The Future of Web Design was no exception and lived up to my every expectation, and then went further. Each talk was amazing, and speakers knew their stuff. And the food was exceptional – weird at times, but exceptional!
This blog post is more of a personal note to me. Something I can look back on as I my notes are somewhat rubbish. So I’m writing them up ASAP, while I can still remember what they mean...
First to the stage was Brendan Dawes, with his talk on Notes on Design. It was a brilliant opening talk as he discussed notes from his little black book of design.
- Design should remind you of something you’ve never seen
- Obsess over you designs – Brendan was telling us about how he spent £30 on a blackwing 602 pencil
- Look for punctuation in normal things – the time it takes to open a bottle of water is perfect, not to long nor is it to quick. Think about these things when making websites – don’t make everything instant.
- Make things. But make things better
He showed pictures of little side projects he’d done, mini circuit boards that connected to the Internet – one of my favorite quotes was “Ethernet is not internet, but possibilities.”
One thing I’ve always thought, which Mr. Dawes put into much nicer words was ‘Too much knowledge is a dangerous thing – but you need it eventually’. Don’t let what you know get in the way, be naïve towards things and you’ll discover wonders.
“Own what it is that makes you different, bring you to the project and not someone else.”
Brendan Dawes finished with a final quote, which really hit home with the last couple of projects I’ve been working on.
“It took me a long time to get to the top of the empire state building. It was uncomfortable and I was unhappy.
But all was forgotten when I saw the view.”
The next talk I headed to was on the Rising Stars stage – The UX of HTML5 by Joe Leech. This talk was absolutely packed, and I was forced to stand at the back of the room. Joe concentrated on forms, and specifically the extra functions HTML5 has given us. The running theme of the talk, however, was “Just because you can, doesn’t mean you should.”
His first point was about the range box. Only use it for small numerical increments, as people don’t realize you can type straight into the text box area whereas developers do. This is because people are used to the select box, where you can only use the arrow to the right.

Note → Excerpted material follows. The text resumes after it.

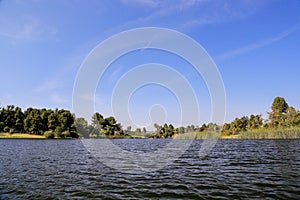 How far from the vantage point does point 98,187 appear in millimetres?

He also pointed out about the required field asterisk – after doing several user tests, people often asked what they meant. Instead of noting the required fields, you should write what fields are optional. People will fill out the field until they reach a stop point, and putting optional underneath the field creates one. The users prefer to be told they don’t need to, rather than being told they have to.
When creating user errors, be descriptive of what you need in the field – putting ‘This field is required’ is not helpful to anyone. At the moment, HTML5 validation is not very user friendly, as the error messages are not helpful and the ones on Chrome and Opera disappear after a few seconds.
The date issue was brought up – think about international users when forcing input format. People in the UK format their dates DD/MM/YYYY, Americans prefer MM/DD/YYYY whereas Japanese users would write YYYY/MM/DD (the proper was as I see it!). The other default is to think of week start days. Here in the UK, we prefer to start our week on a Monday, where as the jQuery UI default calendar starts on a Sunday – which could increase user error.
If you have a linear process on your site, use
rel=”prefetch” on the ‘next’ link. This tells the browser to start loading the next page, so the user experience is smoother.
As much as its tempting, don’t do fancy things with your forms, especially unexpected things as users are unsure as to what happens. Think of your average, Ford Focus driving middle-aged man and what he would expect.
Its all about affordance – things should do what they appear to do.
Matt Gifford stepped up to the main stage next to ‘Let jQuery Rock Your World’. His opening statement was ‘We Are Pioneers’. Simple.
He moved on to plead not to use the standard jQuery UI theme or theme roller. It is everywhere and if we are the amazing pioneering front-end developers we claim to be, we shouldn’t need it.
I learnt that jQuery specificity is complete opposite to CSS. Where with CSS you should use as little selectors as possible. With jQuery however, the more specific you are the better. This is because jQuery scans the DOM after it has loaded, so if you can exclude elements quicker, it will find them quicker.
Ultimately with jQuery it is about enhancing the users experiences. Again, just because you can doesn’t mean you should. Don’t feature loads of animated elements on the page as this will distract your users attention away from your main focus. Think of the users journey.
Users expect sites to be quick, and to speed up jQuery you can use the remotely hosted file – although this is then relying on another service, the user is more likely to have that file cached. Secondly, in your code, find a DOM element then store it in a variable, as jQuery has to search the DOM every time you list call it, whereas if its in a variable, it then knows where the element is.
After Matt I headed back to Track 2 to hear Stephanie Troeth on ‘Inform to Inspire: Perfecting Your Creative Workflow’.
Stephanie started off with an old Chinese saying: [don’t be] “A frog at the bottom of the well”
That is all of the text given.